*** DATA EXTRACT Section Begins ***

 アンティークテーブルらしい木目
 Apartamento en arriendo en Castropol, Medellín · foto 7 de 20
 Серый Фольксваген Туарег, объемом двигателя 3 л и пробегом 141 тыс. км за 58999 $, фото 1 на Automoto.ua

*** DATA EXTRACT Section Ends ***
*** DATA EXTRACT Section Begins ***

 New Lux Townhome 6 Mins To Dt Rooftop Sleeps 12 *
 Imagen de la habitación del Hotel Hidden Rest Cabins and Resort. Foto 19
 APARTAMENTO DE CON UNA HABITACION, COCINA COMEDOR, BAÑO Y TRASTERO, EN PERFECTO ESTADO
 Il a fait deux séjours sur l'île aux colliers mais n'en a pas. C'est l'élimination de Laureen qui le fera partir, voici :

*** DATA EXTRACT Section Ends ***

_WHAT IS EXPECTED_: The expected output is exactly the lines of the listing above between the line holding "Imagen de la" and the line holding "Il a fait deux", inclusive.

_EXPECTED ANSWER_:
 Imagen de la habitación del Hotel Hidden Rest Cabins and Resort. Foto 19
 APARTAMENTO DE CON UNA HABITACION, COCINA COMEDOR, BAÑO Y TRASTERO, EN PERFECTO ESTADO
 Il a fait deux séjours sur l'île aux colliers mais n'en a pas. C'est l'élimination de Laureen qui le fera partir, voici :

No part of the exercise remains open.